Türkiye olarak sığınmacılar için kendi kaynaklarından 33 milyar dolar harcadıklarına işaret eden Erdoğan, şu değerlendirmede bulundu:
"İşte böyle bir ülke olarak mültecileri toplama kamplarına hapsederek bir yere varılmayacağına inanıyoruz. Biz insanları mülteci kamplarına göndermedik, onlara konteynır kentler kurduk, onlara çadır kentler kurduk ve onları ülkemizin değişik yerlerinde kiralama sistemleriyle kiracı olarak da olsa oturuyorlar. Hiç kimse sadece sınırlarını kapatmakla, polisiye tedbirlerle açlıktan, kıtlıktan, çatışmalardan kaçıp gelen insanları dikenli tel örgülere mahkum etmekle mülteci sorununa çare bulamaz."
Mülteci düşmanlığını körükleyerek meseleyi çözdüklerini zannedenlerin er ya da geç hatalarının sonuçlarıyla yüzleşmek zorunda kalacaklarına vurgu yapan Erdoğan, şunları kaydetti:
"Dönem sorumluluktan kaçma değil, sorumluluklarını yerine getirme dönemidir.

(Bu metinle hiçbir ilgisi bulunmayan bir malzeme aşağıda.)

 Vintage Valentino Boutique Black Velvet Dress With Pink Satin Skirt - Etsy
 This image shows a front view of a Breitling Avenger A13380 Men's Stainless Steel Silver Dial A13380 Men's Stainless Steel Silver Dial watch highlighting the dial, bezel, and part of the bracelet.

OECD verilerine göre, 2017 yılında yaklaşık 8,2 milyar resmi kalkınma yardımı yaptık. Milli gelire oranla dünyada en fazla yardım yapan ülke biz olduk. Üzülerek belirtmek isterim ki bu süreçte birkaç yakın dostumuz dışında hiçbir ülkeden doğru düzgün bir yardım almadık, hatta Avrupa Birliği tarafından Suriyeli mülteciler için söz verilen 3 3 milyar avroluk kaynağın kullanımında bile çok ciddi güçlükler yaşadık, yaşıyoruz. Şu ana kadar ülkemize uluslararası kuruluşlar vasıtasıyla, milli bütçemize değil bunu da özellikle ayırt edelim, yaklaşık 2 milyar avro gibi bir rakam ulaşmış durumda, o da milli bütçemize değil, uluslararası kuruluşlara."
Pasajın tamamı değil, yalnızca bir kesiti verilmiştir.